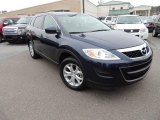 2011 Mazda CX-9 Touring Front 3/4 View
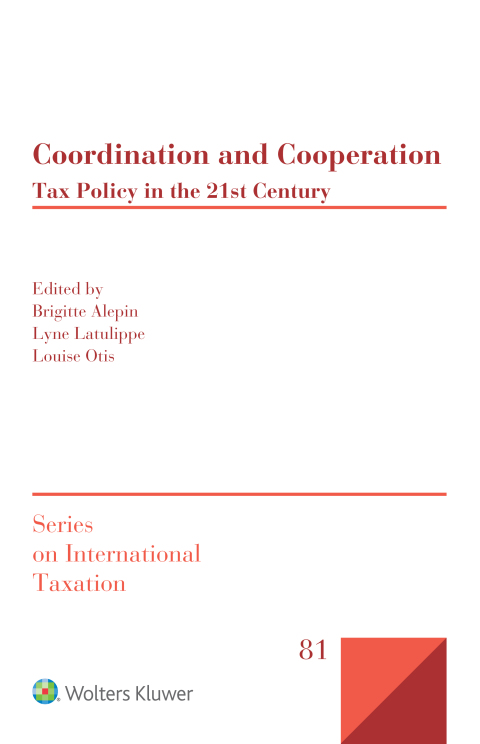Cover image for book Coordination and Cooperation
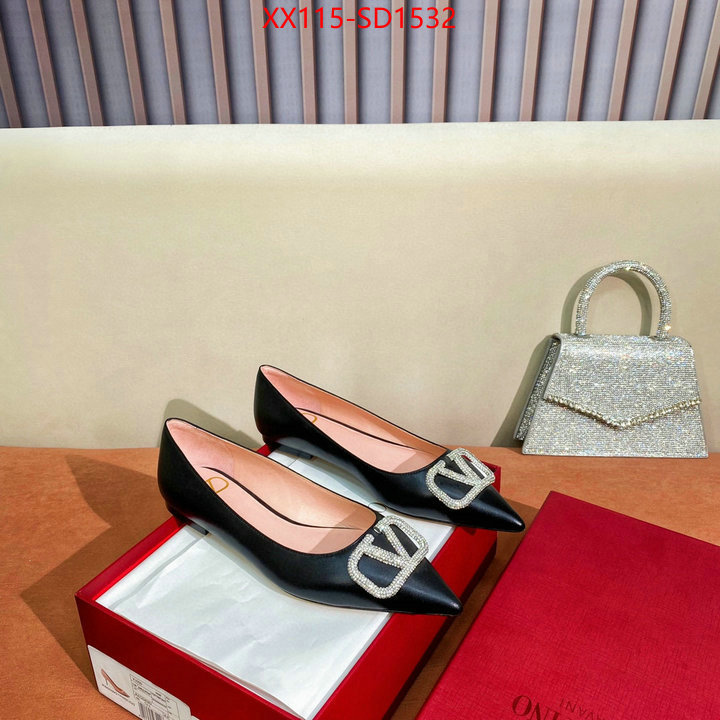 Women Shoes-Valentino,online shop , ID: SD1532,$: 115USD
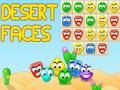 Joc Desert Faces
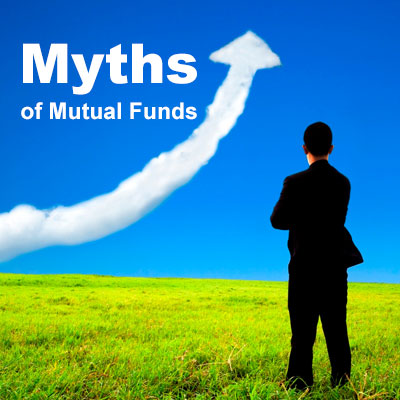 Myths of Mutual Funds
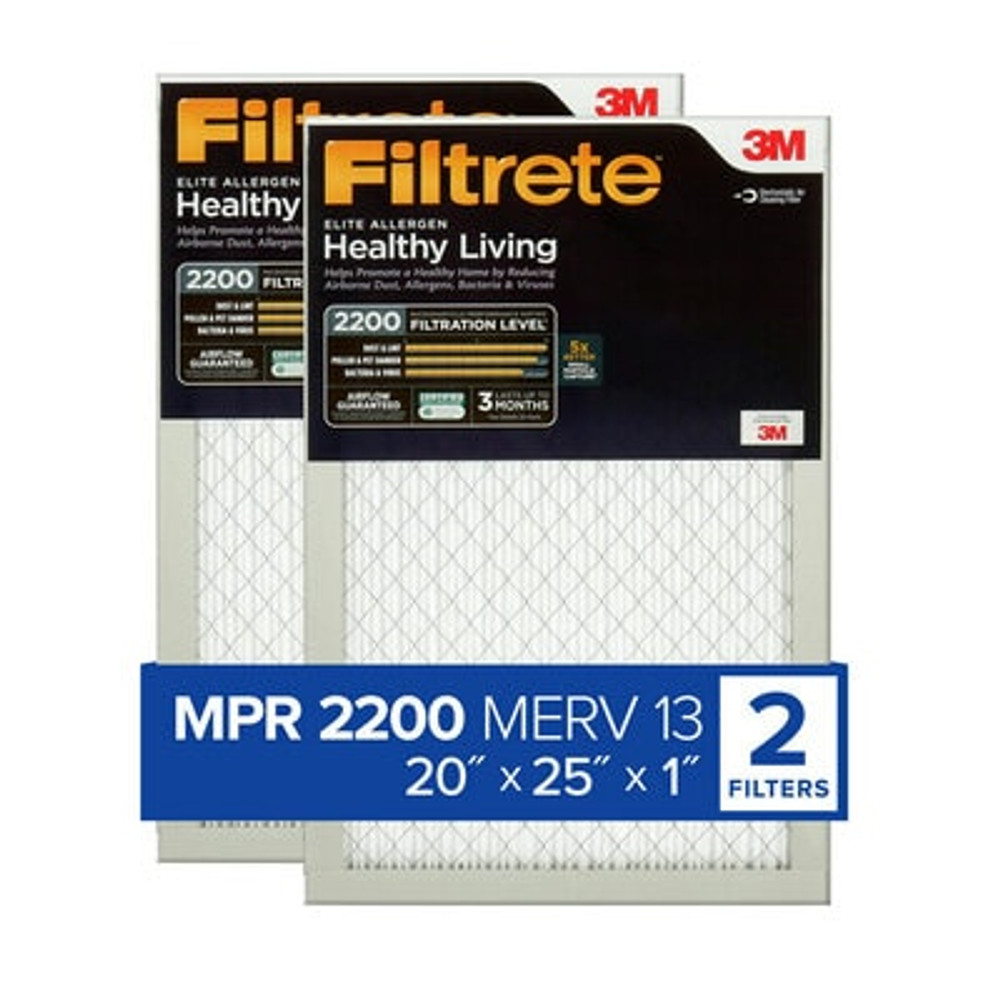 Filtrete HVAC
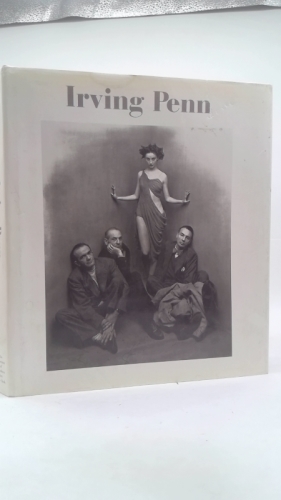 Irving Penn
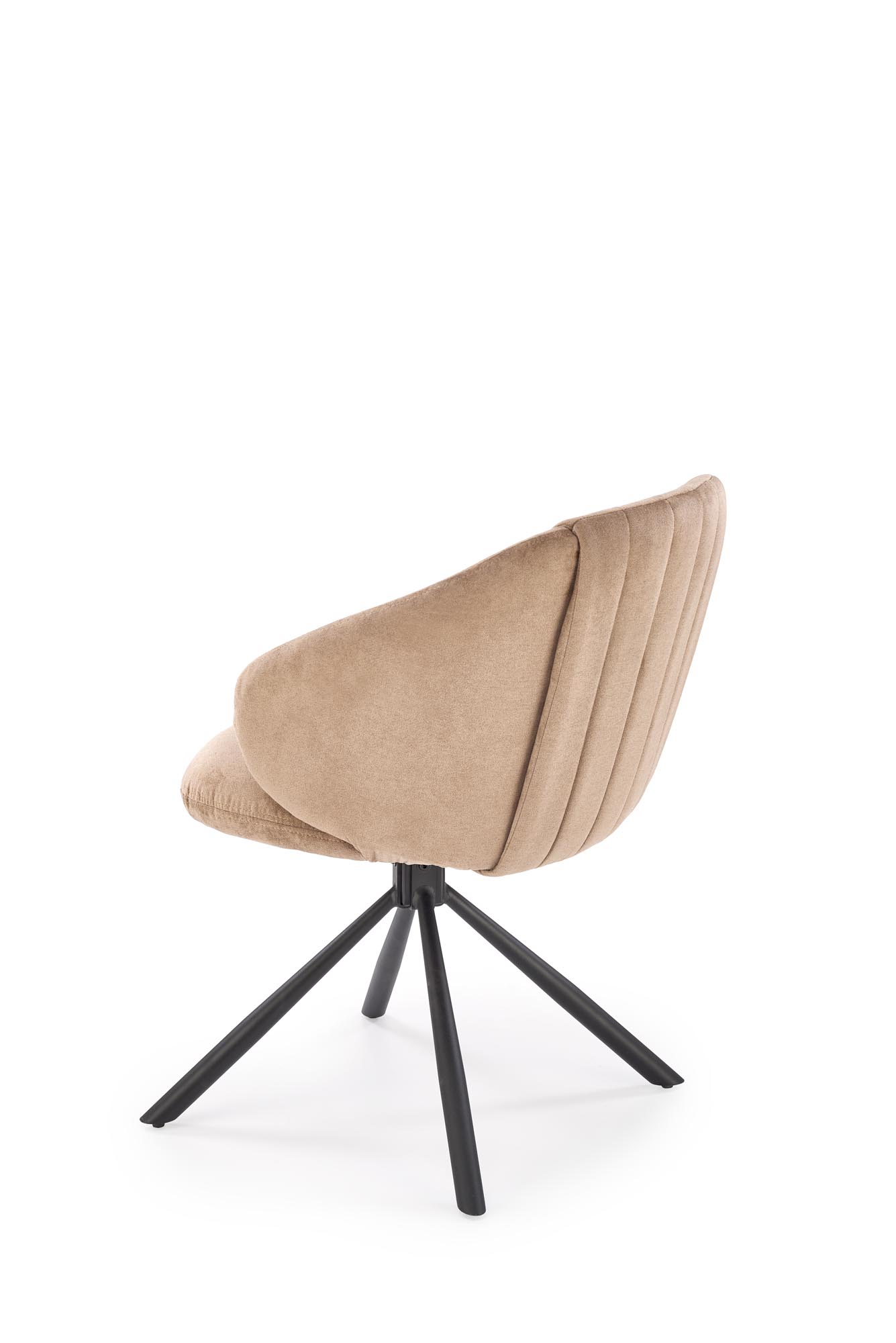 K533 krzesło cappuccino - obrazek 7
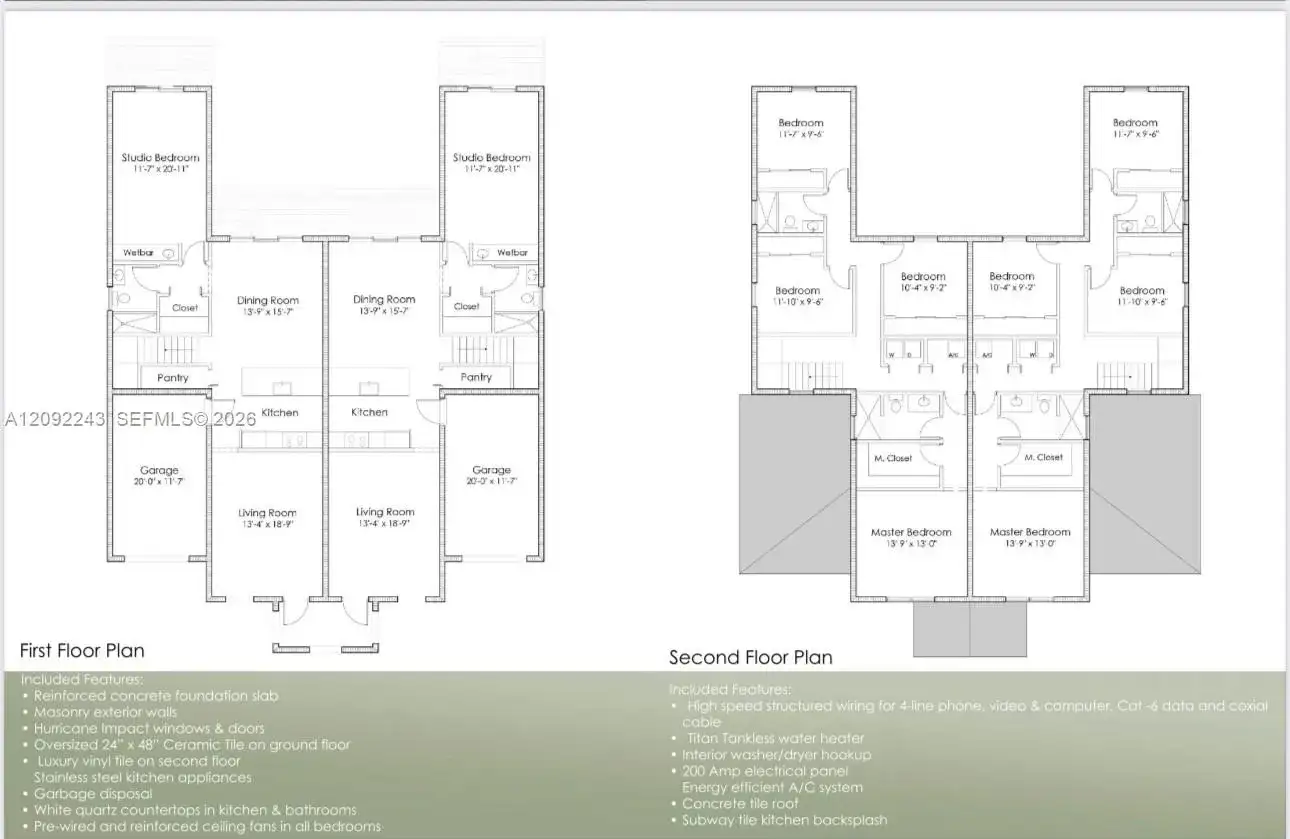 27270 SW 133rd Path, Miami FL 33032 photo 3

■ EXERCISE AIM ■
From the first line to the last, reproduce the records above exactly and skip the pictures.

■ RESULT FOR THIS TASK ■
 2011 Mazda CX-9 Touring Front 3/4 View
Cover image for book Coordination and Cooperation
 Women Shoes-Valentino,online shop , ID: SD1532,$: 115USD
 Joc Desert Faces
 Myths of Mutual Funds
 Filtrete HVAC
 Irving Penn
 K533 krzesło cappuccino - obrazek 7
 27270 SW 133rd Path, Miami FL 33032 photo 3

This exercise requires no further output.